Patchwork [1/2] i2c: designware: fix race between subsequent xfers

login
register
mail settings
Submitter Christian Ruppert
Date June 6, 2013, 1:43 p.m.
Message ID <1370526216-10060-1-git-send-email-christian.ruppert@abilis.com>
Download mbox | patch
Permalink /patch/249423/
State Superseded
Headers show

Comments

Christian Ruppert - June 6, 2013, 1:43 p.m.
The designware block is not always properly disabled in the case of
transfer errors. Interrupts from aborted transfers might be handled
after the data structures for the following transfer are initialised but
before the hardware is set up.
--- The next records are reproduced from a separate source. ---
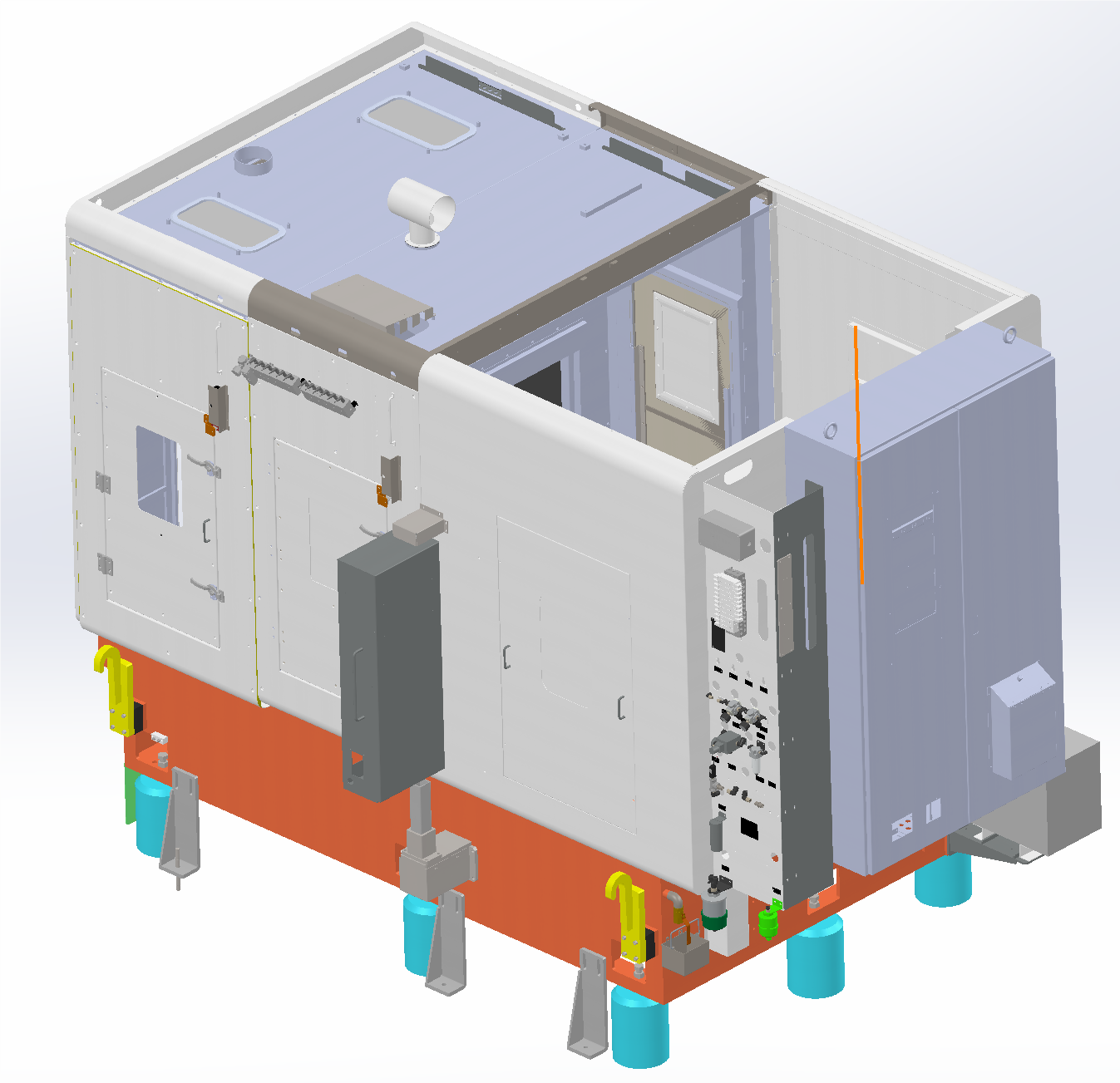 高压水去毛刺钣金外壳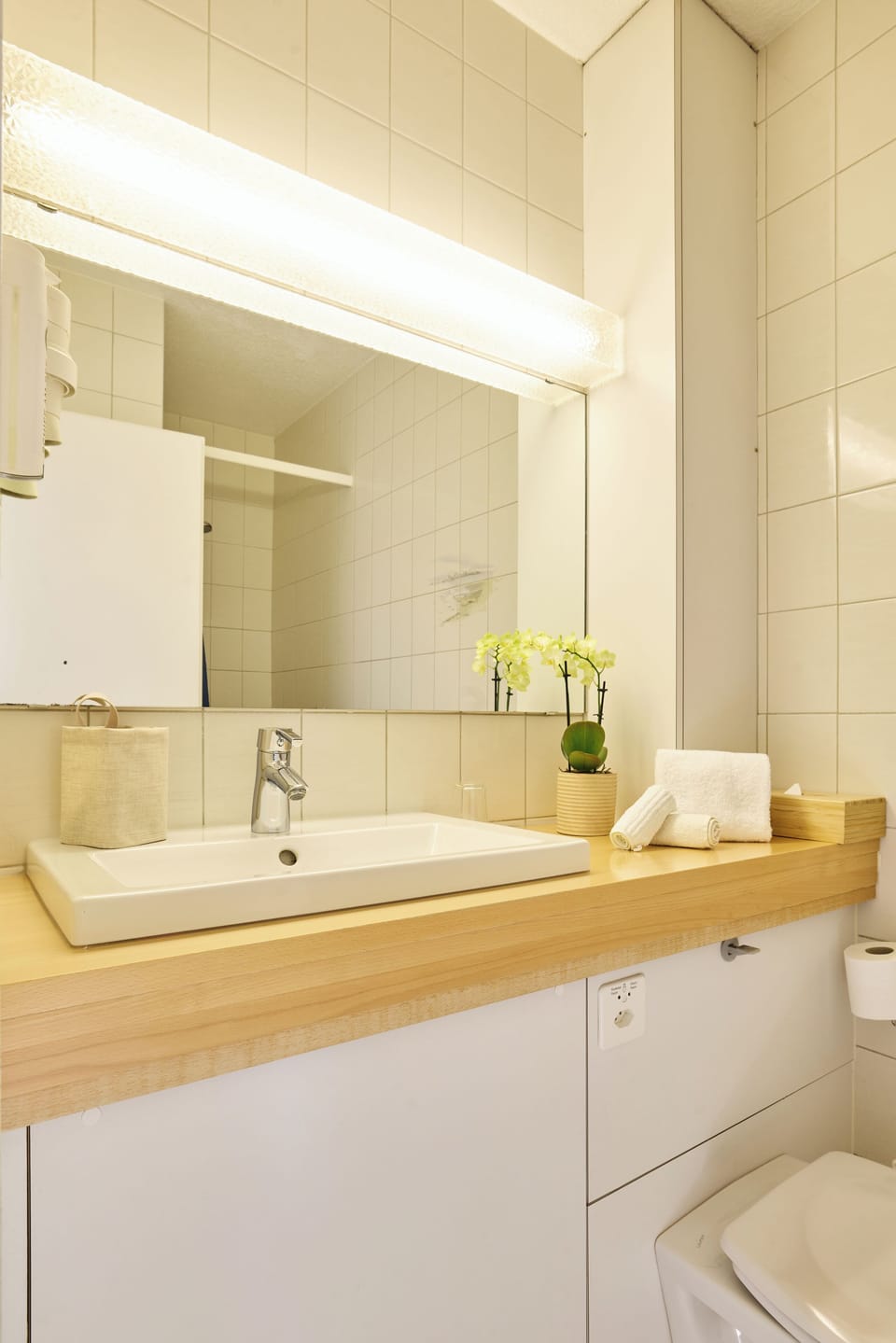 Panoramic Single Room, Lake View | Bathroom
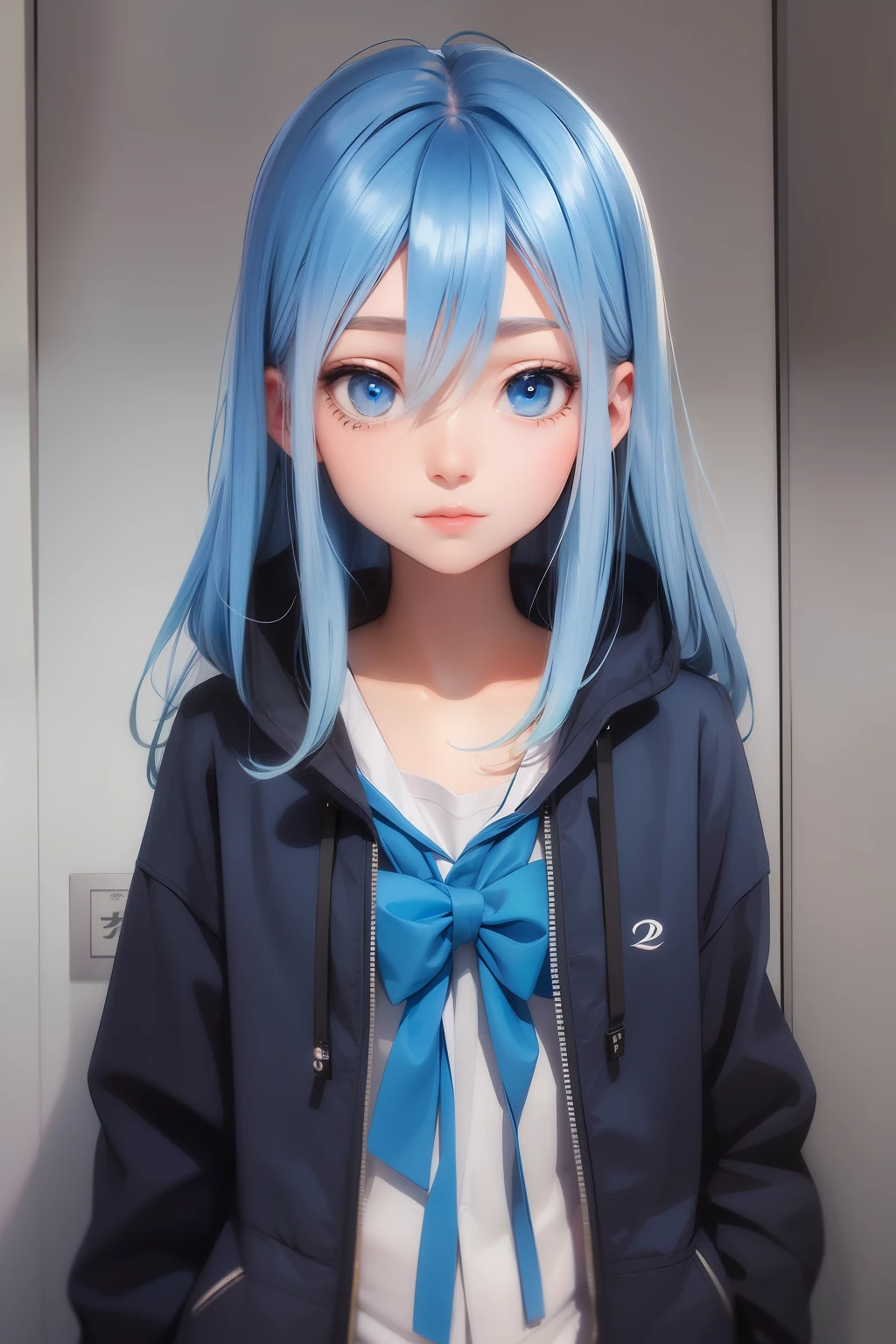 Nanase , blue hair , blue eyes , --auto --s2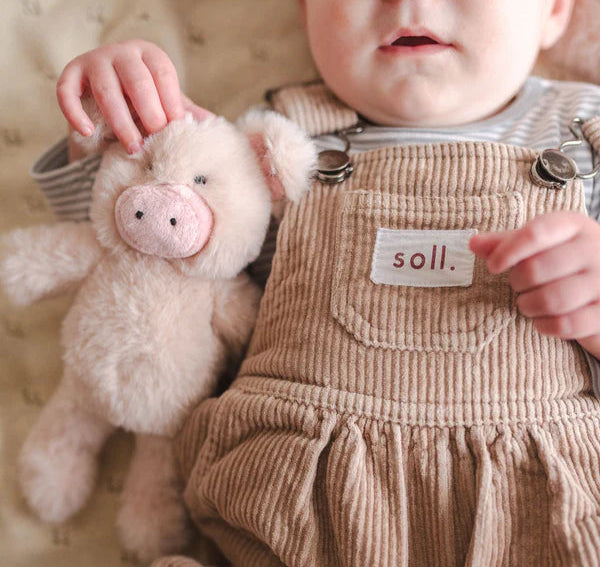 Mini Poppy the Pig Rattle Spotty Dot Toys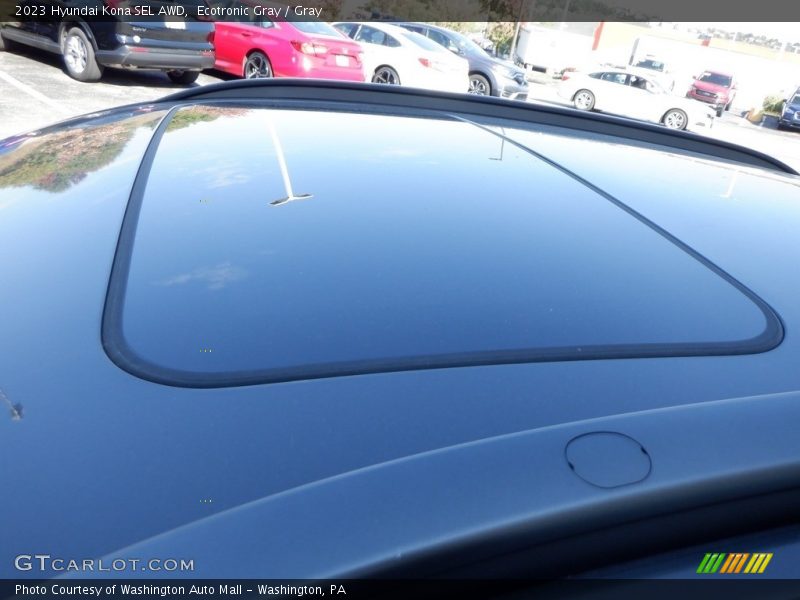 Ecotronic Gray / Gray 2023 Hyundai Kona SEL AWD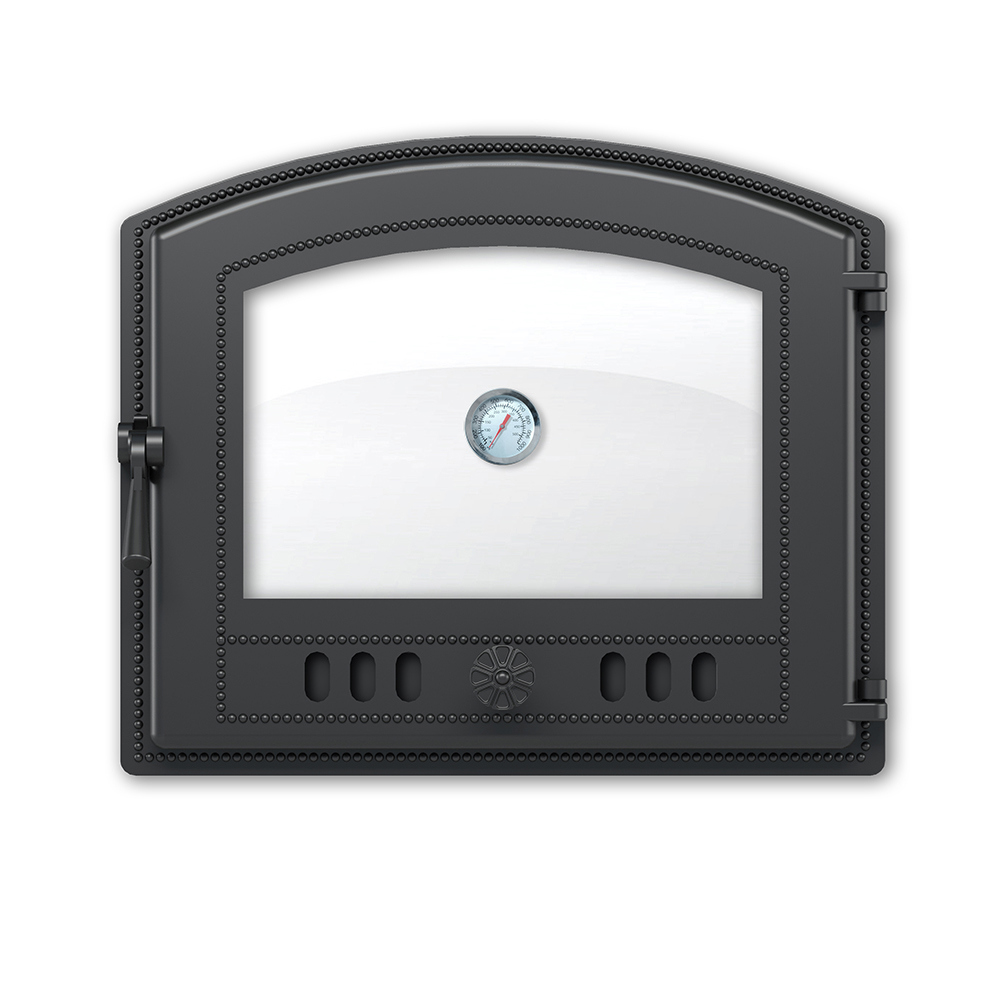 Изображение товара Дверка Везувий 224 с термометром антрацит 100x415x490мм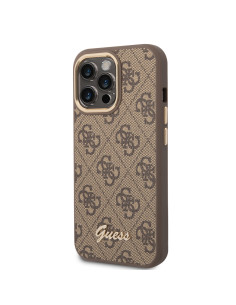 GUESS CARCASA 4G SCRIPT IPHONE 14 PLUS MARRON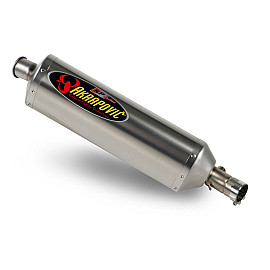 Terminale di scarico Akrapovic SPLIT-ON SP Ovale Inox / Titanio Omologato KAWASAKI ER-6 N/F (2006/2008)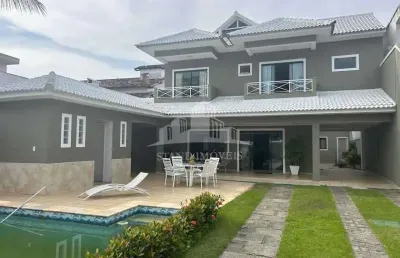 Casa em condomínio fechado com 5 quartos à venda na rua luís orlando cardoso, barra da tijuca, rio de janeiro, 475 m2 por r$ 3.590.000
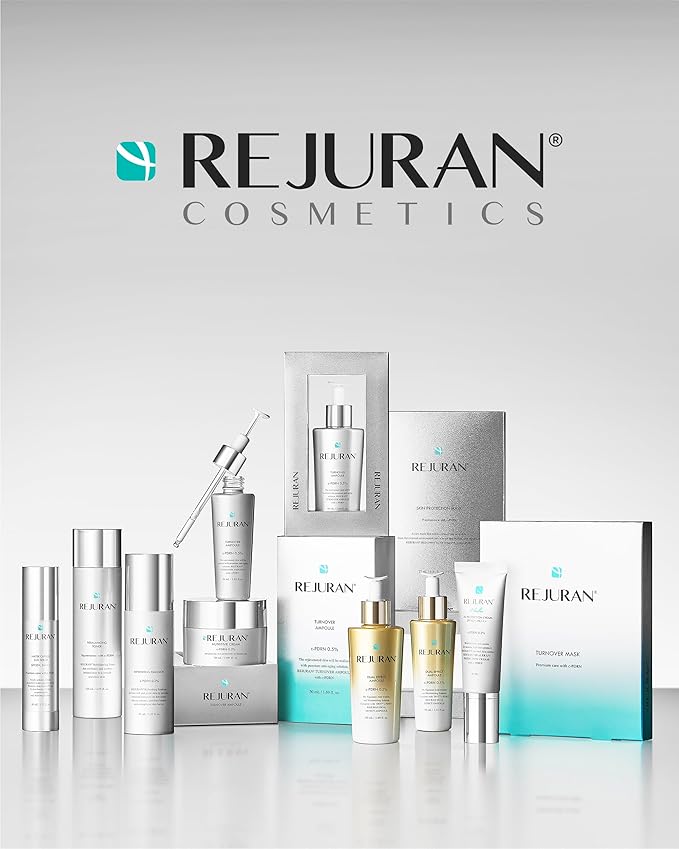REJURAN® Turnover Mask, c-PDRN® (5ea) – Firming & Repairing Ultra Microfiber Sheet Mask for Youthful, Glass Skin with Salmon DNA. Korean Skin Care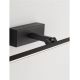 Iluminat pentru baie - Aplica de perete LED baie IP44 MAREL neagra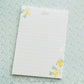 Personalizable Yellow Plaid Notepad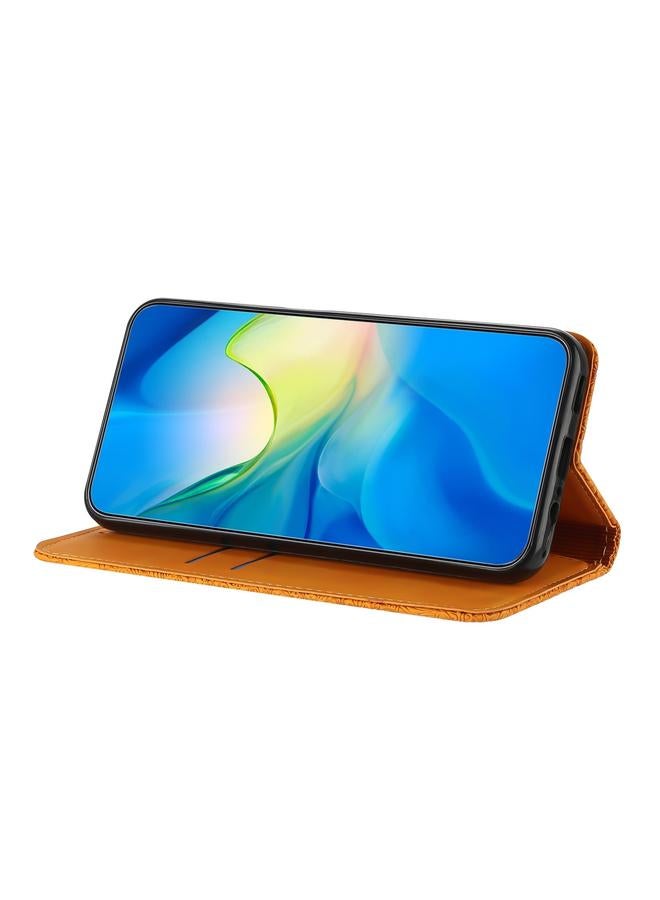 S-TOP Case For Samsung Galaxy S23+ 5G Ethnic Embossed Adsorption Leather Phone Case - Image 4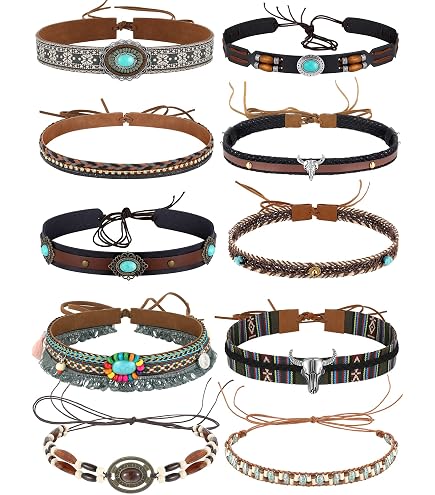 Amazon.com: RainFlowwer 10 PCS Braided Cowboy Hat Bands for 
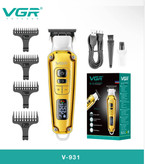 ماشین اصلاح وی جی ار مدل خط زن طلایی گارانتی طلایی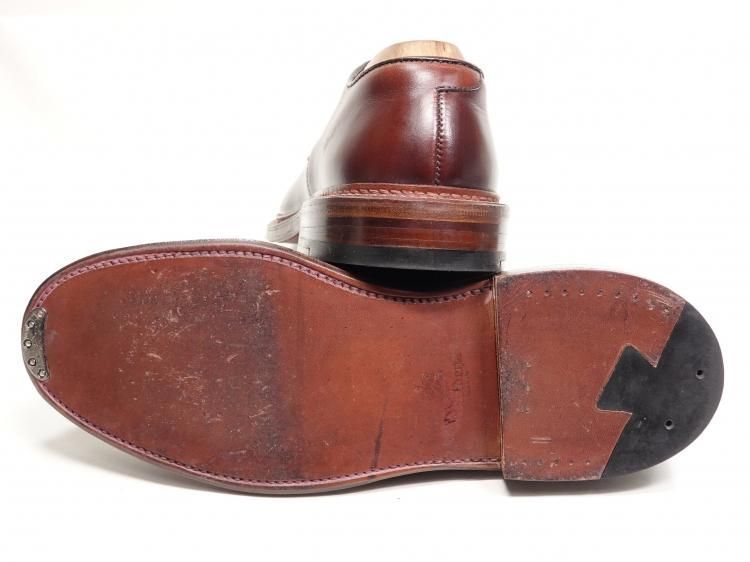 オールデン アンラインドプレーントゥ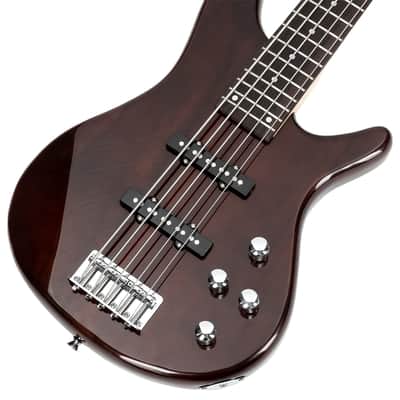 🎸5 String Glarry "EyeBuzz" S Style Electric Bass Guitar +Rosewood Fretboard Soft +Case/Gig Bag +Strap+Cable +Pick!🎸 image 2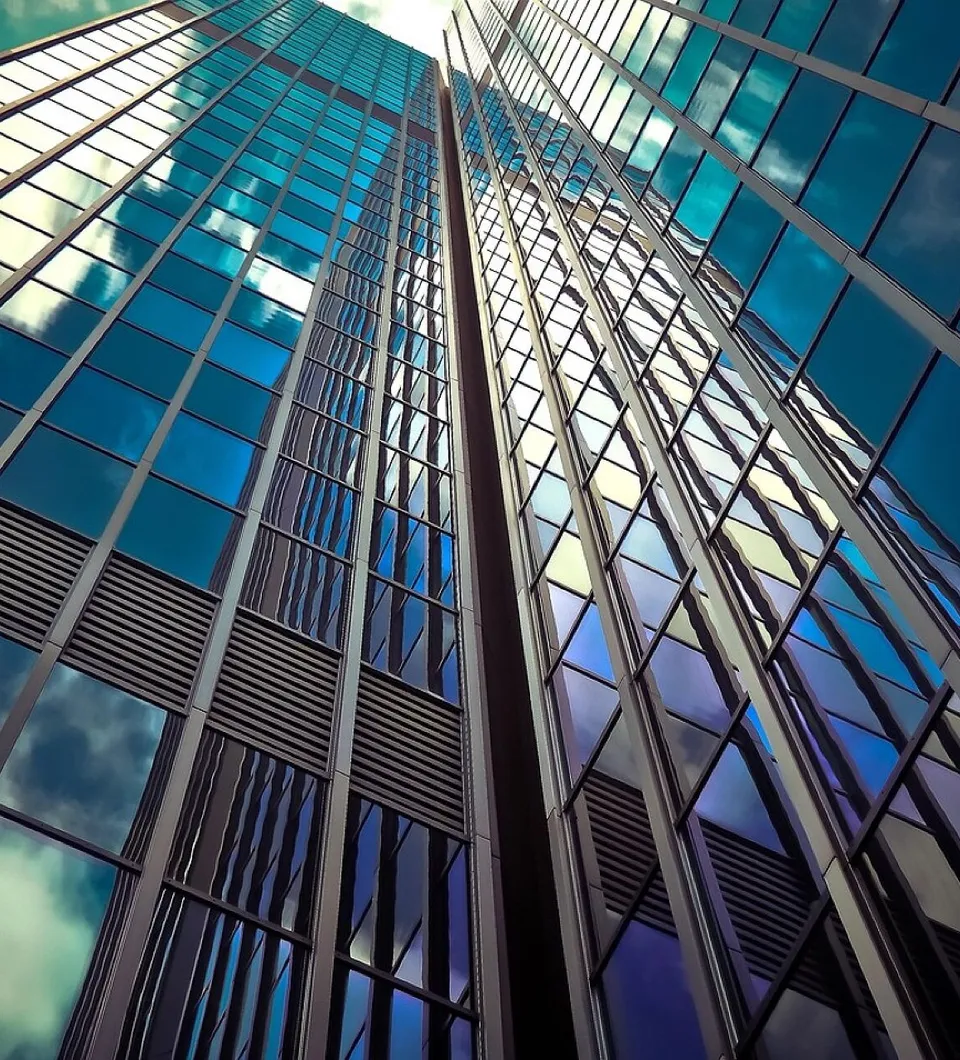 Architecture, skyscraper, glass facades, modern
This might corrupt the data structures to
the point that the system is stuck in an infinite interrupt loop (where
FIFOs are never emptied).
This patch cleanly disables the designware-i2c hardware at the end of
every transfer, successful or not.

Signed-off-by: Christian Ruppert <christian.ruppert@abilis.com>
---
 drivers/i2c/busses/i2c-designware-core.c |   14 +++++++++++---
 1 files changed, 11 insertions(+), 3 deletions(-)
Mika Westerberg - June 7, 2013, 5:23 a.m.
Hi Christian,

On Thu, Jun 06, 2013 at 03:43:35PM +0200, Christian Ruppert wrote:
> The designware block is not always properly disabled in the case of
> transfer errors. Interrupts from aborted transfers might be handled
> after the data structures for the following transfer are initialised but
> before the hardware is set up. This might corrupt the data structures to
> the point that the system is stuck in an infinite interrupt loop (where
> FIFOs are never emptied).
> This patch cleanly disables the designware-i2c hardware at the end of
> every transfer, successful or not.

Have you tried with the latest mainline driver? There is a commit that
solves similar problem:

2a2d95e9d6d29e7	i2c: designware: always clear interrupts before enabling them

Maybe it helps?
--
To unsubscribe from this list: send the line "unsubscribe linux-i2c" in
the body of a message to majordomo@vger.kernel.org
More majordomo info at  http://vger.kernel.org/majordomo-info.html
Christian Ruppert - June 7, 2013, 8:16 a.m.
On Fri, Jun 07, 2013 at 08:23:53AM +0300, Mika Westerberg wrote:
> Hi Christian,
> 
> On Thu, Jun 06, 2013 at 03:43:35PM +0200, Christian Ruppert wrote:
> > The designware block is not always properly disabled in the case of
> > transfer errors. Interrupts from aborted transfers might be handled
> > after the data structures for the following transfer are initialised but
> > before the hardware is set up. This might corrupt the data structures to
> > the point that the system is stuck in an infinite interrupt loop (where
> > FIFOs are never emptied).
> > This patch cleanly disables the designware-i2c hardware at the end of
> > every transfer, successful or not.
> 
> Have you tried with the latest mainline driver? There is a commit that
> solves similar problem:
> 
> 2a2d95e9d6d29e7	i2c: designware: always clear interrupts before enabling them
> 
> Maybe it helps?

Hi Mika,

Thanks for the hint but I have checked both main line and Wolfram's
branch and I saw this patch. I actually hoped it would fix our problem
but it didn't.

Here some more details: We experienced system lockups (complete lock up,
no reaction whatsoever) in long-term tests under heavy system load with
lots of scheduling and forking/killing. These lockups could be traced to
the I2C driver which after some time ended up in an incoherent state:
i2c_dw_isr was being called with DW_IC_INTR_RX_FULL but
dev->msg_read_idx == dev->msgs_num. This resulted in the FIFO never
being emptied by i2c_dw_read. Since the DW_IC_INTR_RX_FULL interrupt is
cleared by emptying the FIFO, this situation results in an IRQ loop
locking up the system.

We found that the situation systematically occurs just after the
originating process is interrupted (premature return of
wait_for_completion_interruptible_timeout) and further analysis showed
the race condition: Interrupts from the previous transfer are sometimes
triggered after the initialisation of dev in the beginning of
i2c_dw_xfer, thus corrupting the state. If these interrupts occur before
dev is initialised everything works fine.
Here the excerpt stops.